Maybe you've noticed that high school senior on your block standing by the mailbox, waiting nervously, looking for all the world as if his Rolling Stone was two days late. It's worse than that. It's the time of year when colleges finally end the suspense with a thumbs-up or thumbs-down on a few million applications. That's the end of the story. We're going to start at the beginning of the process, as told by one applicant, Angie Littwin, a senior at Dulaney High School in Timonium. Her father, Sun sports columnist Mike Littwin, couldn't resist a few insights of his own.
What's your most humorous experience in the last six months involving trigonometric identities and lawn mowers?
If you could have dinner with any circus animal, living, dead or fictional, what appetizer would you serve?
Are you with me so far? If not, let me explain. I am sitting here writing an essay about the tortuous process of writing college essays. I'm an expert. In the just-completed college-essay season, I wrote 15. I can't believe I'm sitting here on my bed again, with my favorite pen and several sheets of blood-sweat-and-tear-stained paper, waiting for inspiration.
Why am I doing this? Either I'm a masochist, or I'm doing it for the benefit of future high school seniors.
I guess I should start with the beginning. It all started back in the 10th grade when I took the PSATs (a test designed to whet your appetite for the three-hour SAT extravaganza to come).

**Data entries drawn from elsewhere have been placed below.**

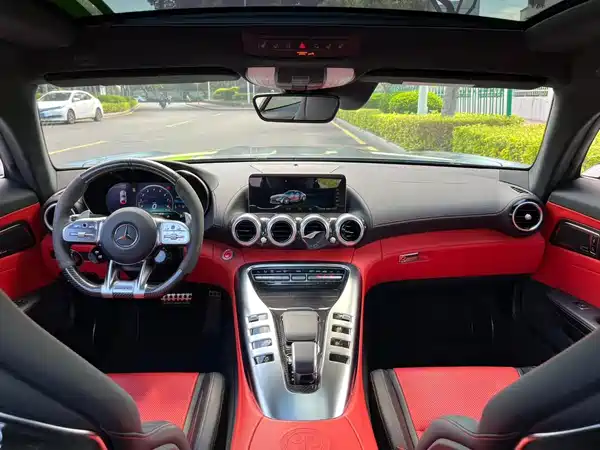Mercedes-Benz AMG GT 2020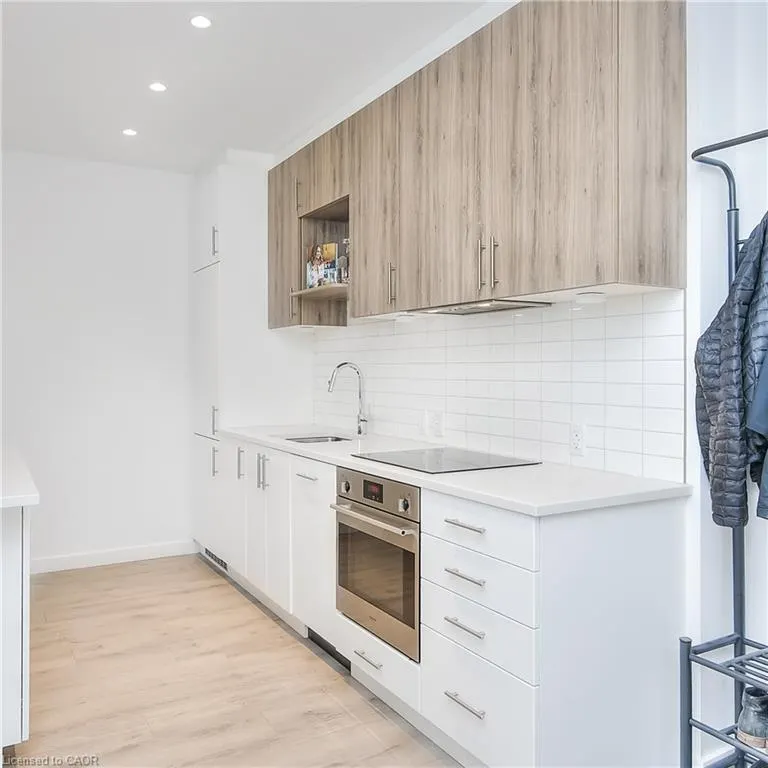 181 King Street S, #1007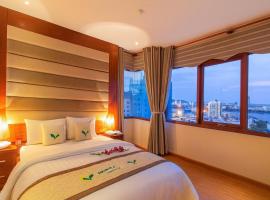 MOONLIGHT Hotel & Spa- Best skyline view in Da Nang city center, hotel sa Danang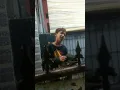 Download Lagu pengamen bocah cilik gak punya ayah dan ibu tak sekolah juga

I foolishly filled in the "Yes" oval to the question: "Do you want your scores sent to colleges so they can send you information?" The College Board kept its word, and come spring, my mailbox overflowed with sincere form letters informing me that my scores indicated that I, too, could be among the college students featured smiling and studying underneath trees and on steps in the brochures.
By the way, when I later visited the colleges, I sought out trees and staircases and never found a single student smiling and studying simultaneously. My friend and I considered offering our services to pose studying on the steps.
Midway through the 11th grade, it occurred to me that this wasn't all a Postal Service joke and that I should sit down and figure out what I was going to do about my higher education. So, I bought two books, one put out by the Yale Daily News and the other by Lisa Birnbach. They gave all the important statistics and a write-up to capture the feel of the individual college. I decided on my criteria -- a small-to-medium-sized liberal arts school, with a diverse population and a good English department -- and began to read.
I picked up a few interesting facts, including the American
college experience's best-kept secret . . . nobody dates. I swear I'm not making this up. In the books' sections on the dating scene, it was reported that nobody dates at any of the schools. I don't know what high schools these people came from. It leaves me with one question: What do they do? Apparently, dating in groups is acceptable. There is one exception, Brigham Young. Students don't have coed dorms, they can't smoke or even drink coffee, and premarital sex is highly discouraged. But they do date.
By reading these books, I was able to narrow my college choices to about 20. Now I was ready to begin the next phase, college tours.
Over the spring break of my junior year, my parents, a friend and I set off across America to see what we could see of higher education. The idea sounds good in theory. We planned to take the college tour, spend the night in a dorm and figure out what makes each college distinctive. It wasn't quite that simple.
This particular year Maryland and New York public schools had their spring breaks the same week. At every college, they seemed stunned and ill-prepared for the number of people who showed up. We would be herded into a small room where there were invariably never enough chairs, and we listened to what seemed like the same speech over and over again. It went like this: The school had recently relaxed its core-curriculum requirements; I could design my own major if I so desired; the foreign language departments were so unique they even offered Swahili (Swahili, every time). One parent would ask about college campus safety, and we would be told about the escort systems that are unique to every college. Another parent would ask about advanced-placement credit. If it was a large college, a parent would ask about class size; a small one, resources. The parents asked many more questions than the students.